The SEC said the eight former board members had violated laws requiring fund directors to help determine the fair value of securities when market quotations are not available. The directors delegated the responsibility to a valuation committee without “providing meaningful substantive guidance on how fair valuation determinations should be made,” the SEC said.
Five of Morgan Keegan’s bond funds had loaded up on mortgage-backed securities during the real estate bubble. But when prices started to drop in 2007, the funds mispriced the securities to hide large losses, the SEC said. The value of the funds ultimately plunged.
The directors also made no meaningful effort to learn how the fair values were determined, the SEC added.
“Investors rely on board members to establish an accurate process for valuing their mutual fund investments,” SEC Enforcement Director Robert Khuzami said. “Otherwise, they are left in the dark about the value of their investments and handicapped in their ability to make informed decisions.”
Mercer Bullard, a University of Mississippi law professor and an advocate for fund investors, said the case was significant because the SEC has rarely pursued charges against mutual fund directors.
“The mere fact of charging the independent directors would reflect a fundamental shift in the SEC’s investment-management enforcement strategy,” Bullard said.
The case comes about 1 1/2 years after Morgan Keegan, now a unit of Raymond James Financial Inc, agreed to pay $200 million to settle fraud charges in a related case tied to the subprime mortgage crisis.
A star manager at the firm, James Kelsoe, also agreed to pay $500,000 in penalties and be barred from the securities industry for life.
The 2011 settlements with regulators included details of how Kelsoe used risky mortgage-backed securities to inflate his funds’ values.
Neither the brokerage nor Kelsoe admitted or denied the allegations.
The seven other board members charged by the SEC are Kenneth Alderman, W. Randall Pittman and Mary S. Stone of Birmingham, Alabama; Albert C. Johnson of Hoover, Alabama; Jack R. Blair and James Stillman R. McFadden of Germantown, Tennessee, and Archie W. Willis III of Memphis, Tennessee.

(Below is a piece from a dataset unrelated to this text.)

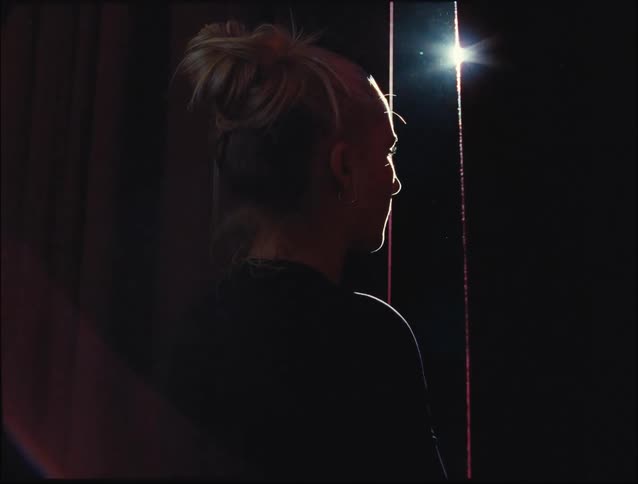 Woman looking through the curtains of a window at night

Attorneys for Alderman and Morgan, who lives in Memphis, could not be reached immediately. Lawyers f or the other defendants said they intended to fight the charges.

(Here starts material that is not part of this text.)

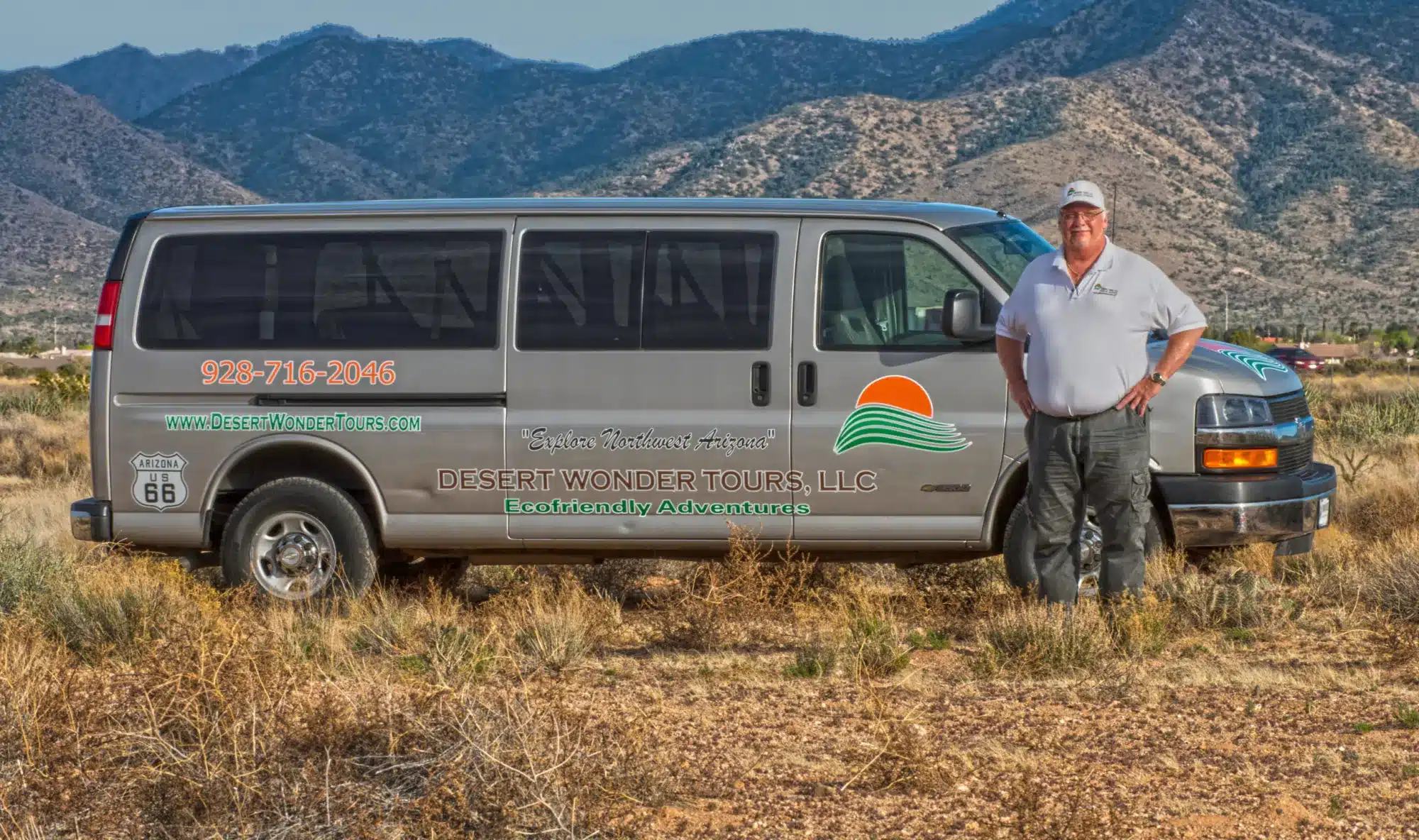 Robert Walton of Desert Wonder Tours stands with a tour van in a beautiful desert area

“The SEC has chosen to ignore a host of facts and circumstances which demonstrate that these directors at all times acted diligently and in good faith during the unprecedented market turmoil of 2007,” the lawyers said in a statement.
Allen Morgan, Jr. co-founded Morgan Keegan in 1969 and served as its chairman and chief executive from its inception until 2003. In 2002, he was also chairman of the retail brokerage industry’s trade group, then called the Securities Industry Association.
The SEC’s charges against the board members could add fuel to a wave of litigation against the company, depending on the allegations and ultimate findings, lawyers say.
Morgan Keegan has faced more than 1,000 customer arbitration cases over the bond funds, which invested in risky mortgage-backed securities while being marketed as being safe. The funds later lost as much as 80 percent of their value as the subprime market imploded in 2007 and 2008. Some of those cases are still winding through the Financial Industry Regulatory Authority’s arbitration system.
“It’s a good development for people who still have cases remaining,” said Andrew Stoltmann, a Chicago-based lawyer who has represented investors in arbitrations involving the funds. “It illustrates that the fraud went to the highest level of Morgan Keegan, including the directors and the named person of Morgan Keegan.”
In October, Morgan Keegan and thousands of investors in a closed-end fund at issue agreed to a $62 million settlement, subject to court approval. Shares of closed-end funds represent a stake in a portfolio of securities. There are a fixed number of these shares so they don’t offer the same liquidity as open-end funds’ shares.
Other pending litigation includes a class action suit stemming from the open-ended, or conventional, funds at issue. All board members named in the SEC’s action on Monday are also defendants in that case, according to the plaintiff’s lawyer.
Regions Financial Corp, the former owner of Morgan Keegan, retained responsibility for the fund litigation.